= Beginning of Section =

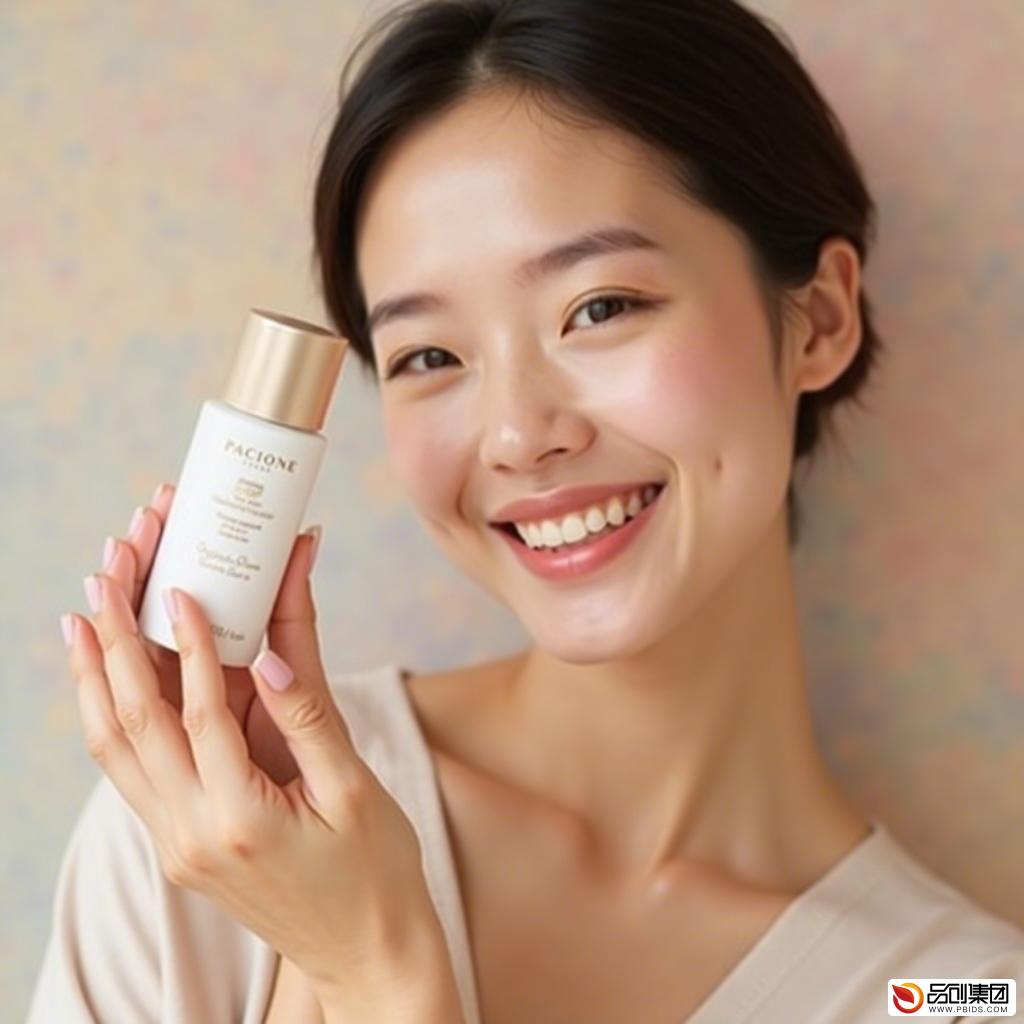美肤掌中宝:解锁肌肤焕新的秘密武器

= End of Section =
= Beginning of Section =

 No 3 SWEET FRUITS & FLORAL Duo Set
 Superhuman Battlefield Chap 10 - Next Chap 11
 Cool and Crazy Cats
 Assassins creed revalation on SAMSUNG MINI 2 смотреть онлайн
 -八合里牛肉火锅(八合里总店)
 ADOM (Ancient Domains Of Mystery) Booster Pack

= End of Section =

■ **Your task**:
Copy exactly the stretch of data above from the line with "Cool and Crazy Cats" through the line with "ADOM (Ancient Domains", and omit all other lines.

■ **Problem solution**:
 Cool and Crazy Cats
 Assassins creed revalation on SAMSUNG MINI 2 смотреть онлайн
 -八合里牛肉火锅(八合里总店)
 ADOM (Ancient Domains Of Mystery) Booster Pack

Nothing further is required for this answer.